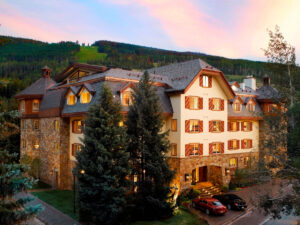 outdoor view of the Tivoli Lodge Vail Colorado at sunset during the summer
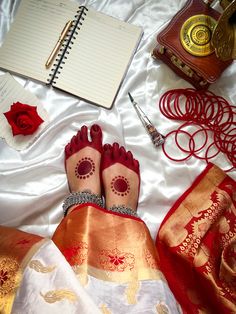 a person's feet with hennap on top of a bed next to an open notebook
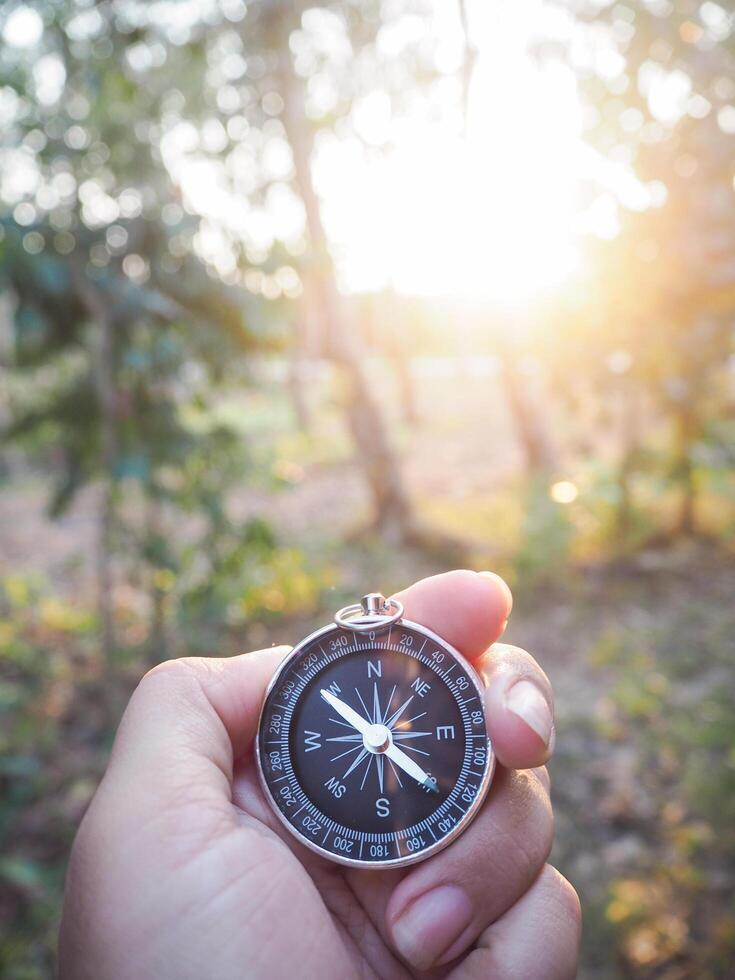 Close up of compass in woman hand with forest in the sunset time as background. The concept of world tourism day, Searching the right directions and Travel photo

┄┄┄┄┄┄┄┄┄┄┄┄┄┄┄┄┄┄┄┄

• _Problem description_:
Without the pictures, retype the whole of the material above exactly.

• _Output for this task_:
 outdoor view of the Tivoli Lodge Vail Colorado at sunset during the summer
 a person's feet with hennap on top of a bed next to an open notebook
 Close up of compass in woman hand with forest in the sunset time as background. The concept of world tourism day, Searching the right directions and Travel photo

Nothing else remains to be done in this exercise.